Wednesday, September 3, 2008

A CEO is not a Rainmaker

In times of economic downturn, many public charities are between a rock and a hard place. Donations tend to decrease from practically all sources while the demand for their services increase. Many agencies expect their CEO and/or Director of Development to do a magical fundraising dance that will open up the heavens and bring money raining down on the cash needy agency.
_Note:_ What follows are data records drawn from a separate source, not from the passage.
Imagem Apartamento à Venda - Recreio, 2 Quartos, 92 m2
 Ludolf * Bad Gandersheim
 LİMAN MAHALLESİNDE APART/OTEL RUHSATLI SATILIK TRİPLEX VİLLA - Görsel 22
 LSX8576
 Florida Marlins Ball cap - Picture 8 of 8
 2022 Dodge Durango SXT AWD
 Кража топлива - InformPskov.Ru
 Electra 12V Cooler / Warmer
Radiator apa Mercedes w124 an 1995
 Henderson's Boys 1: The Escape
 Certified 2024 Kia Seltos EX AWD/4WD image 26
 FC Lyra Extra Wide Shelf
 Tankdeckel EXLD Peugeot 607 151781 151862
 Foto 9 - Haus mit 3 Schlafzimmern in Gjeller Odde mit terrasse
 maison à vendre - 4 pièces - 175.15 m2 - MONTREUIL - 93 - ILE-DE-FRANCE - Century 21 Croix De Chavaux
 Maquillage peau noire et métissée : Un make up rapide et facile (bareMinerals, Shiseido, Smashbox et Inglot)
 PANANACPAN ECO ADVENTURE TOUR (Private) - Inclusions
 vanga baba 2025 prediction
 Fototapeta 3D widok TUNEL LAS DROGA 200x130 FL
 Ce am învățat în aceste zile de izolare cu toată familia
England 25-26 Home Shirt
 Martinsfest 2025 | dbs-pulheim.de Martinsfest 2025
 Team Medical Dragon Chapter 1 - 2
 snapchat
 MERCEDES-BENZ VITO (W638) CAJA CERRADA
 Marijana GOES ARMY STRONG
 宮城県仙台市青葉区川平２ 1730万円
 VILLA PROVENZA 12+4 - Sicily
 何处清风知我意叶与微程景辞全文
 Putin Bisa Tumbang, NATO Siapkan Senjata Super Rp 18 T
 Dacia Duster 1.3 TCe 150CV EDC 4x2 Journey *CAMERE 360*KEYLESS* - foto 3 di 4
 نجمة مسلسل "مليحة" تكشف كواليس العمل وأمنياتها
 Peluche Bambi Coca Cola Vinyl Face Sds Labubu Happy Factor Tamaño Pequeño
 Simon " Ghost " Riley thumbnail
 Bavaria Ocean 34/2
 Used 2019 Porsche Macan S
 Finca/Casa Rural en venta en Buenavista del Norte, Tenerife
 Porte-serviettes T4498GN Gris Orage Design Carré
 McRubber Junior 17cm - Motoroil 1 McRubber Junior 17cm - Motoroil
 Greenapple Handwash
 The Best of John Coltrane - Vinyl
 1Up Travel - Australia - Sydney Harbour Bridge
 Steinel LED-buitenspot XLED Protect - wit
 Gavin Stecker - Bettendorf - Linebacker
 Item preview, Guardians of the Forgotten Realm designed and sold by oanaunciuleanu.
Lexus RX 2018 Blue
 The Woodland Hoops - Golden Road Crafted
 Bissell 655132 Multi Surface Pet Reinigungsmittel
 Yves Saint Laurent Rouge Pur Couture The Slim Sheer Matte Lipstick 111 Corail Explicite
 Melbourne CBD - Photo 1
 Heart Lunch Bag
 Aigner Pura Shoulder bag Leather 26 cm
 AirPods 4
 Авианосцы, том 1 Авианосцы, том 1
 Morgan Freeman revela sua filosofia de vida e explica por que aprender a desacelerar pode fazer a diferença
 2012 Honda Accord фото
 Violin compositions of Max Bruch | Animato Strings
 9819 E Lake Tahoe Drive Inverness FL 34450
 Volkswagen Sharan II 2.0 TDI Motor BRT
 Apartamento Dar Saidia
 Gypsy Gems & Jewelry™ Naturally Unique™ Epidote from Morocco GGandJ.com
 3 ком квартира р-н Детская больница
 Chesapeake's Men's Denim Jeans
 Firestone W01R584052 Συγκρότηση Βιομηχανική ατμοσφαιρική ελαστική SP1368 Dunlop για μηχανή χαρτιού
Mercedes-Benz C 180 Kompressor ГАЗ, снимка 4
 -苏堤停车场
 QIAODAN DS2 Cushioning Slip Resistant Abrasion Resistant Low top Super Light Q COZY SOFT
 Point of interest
I am finding it more and more common to see job ads for CEOs that are almost entirely focused on this one thing - raising money. Furthermore, if I had a nickel for every agency strategic plan that calls for huge increases in raising private money, I would be a wealthy man. Such a one dimensional Board focus on their CEO recruitment and planning is dangerous, because all agencies have needs for CEO talent in other critical areas including:

1) Program/Service Quality, Development and Implementation
2) Public Relations
3) Financial Management
4) Board Administration and Support
5) Strategic Planning
6) Human Resources Management

When the CEO is tasked with raising an impossible amount of money, all of this other critical stuff can fall by the wayside. What happens then? The agency can deteriorate in all of the areas listed above and become an empty shell of its former self. If the CEO does happen to be one of the lucky few who succeed at this herculean task, the money ends up being shoveled into an agency more concerned with inputs than outputs. Financial margins reign supreme and program quality is trivialized. Of course the financial health of an agency is vitally important, but not to the exclusion of service quality!

At the same time, given that the task is nearly impossible, most will fail with a shrinking pie and ever increasing pressure to draw a greater amount from it. As a result, there is increasing turnover in the CEO and/or Director of Development positions as they do not fulfill the unrealistic expectations placed on them.

So what is our recommended solution to this problem? To begin with, one of the critical variables we consider in rating Organizational Capacity is an agency's working capital. Generally speaking we recommend that a charity have a year or more of liquid assets on hand for down times such as we are currently going through. This is a process that takes years of planning and hard work, not a Rainmaker a minute before the witching hour. Agencies must understand that they need to make strategic use of the good times to lay the foundation for withstanding and even thriving through the tough times.

The fundraising plan must be developed JOINTLY by the Board and staff. The staff must be willing to speak plainly and clearly about what is realistically achievable and the Board must be willing to LISTEN. The starting point for the plan should be the agency track record, followed by conservative projections for adding revenue based on a level headed SWOT (Strengths, Weaknesses, Opportunities and Threats) analysis. Furthermore, CEOs have a responsibility to make sure that their job descriptions include all of the functions noted above and that the Board understands that adequate time must be allocated to each of them. These realities need to be factored in when planning the amount of CEO involvement in fundraising efforts.

Sadly, most agencies are not that forward thinking or willing to face current realities. Therefore, the CEO or other executive staff becomes the fall guy/gal until the economy rebounds and more money for programs and services is available. At the point of rebound, Board expectations at least have some chance of once again being grounded in the "earth" of reality, rather than the "rains" of fantasy.

5 comments :

KToro said...

Amen!

petsnpatients said...

Yes, the strength of the organization must come from an involovedm active board and volunteers that make the growth and awareness of the mission a second job to their own. The CEO is the full time face to the place, the events, the watchstander of all the facets of the enterprise who feels the needs in the community. It is often a much longer job that what a days pay is worth in a for profit biz.

Especially in the beginning, it's a passion, not pay.

dog to dog said...

Amen. Thank you for phrasing, so succinctly, the misconception that only one person (the CEO)is responsible for fundraising. Unfortnately, many non-profits do the right thing (prepare a fundraising plan jointly, with CEO and board) but then the board ignores it and still believes fundraising is up to the CEO. Sigh.

IronMal said...

With such a huge range from small NPO's to massive we have to take size into perspective. The CEO is always going to be the Captain of the team, but the smaller the NPO, the more hats the boss has to wear. Including being the major breadwinner. That's why we see so many recruiting ads for CEO / fundraiser especially with small operations like poorly funded disease research and so forth. And I give those CEO's tremendous credit... their ability to break even these days is a credit to our country and our charitable way of life as Americans.

Ken Berger said...

Dear ironmal,
I agree that size matters when it comes to fundraising, but so does everything else! In very small agencies there is no one to delegate to in ALL the areas I listed as the CEO duties. So in the case of small agencies I think it is even less fair to put the entire burden on the CEO. The Board needs to do even more of the heavy lifting in that case.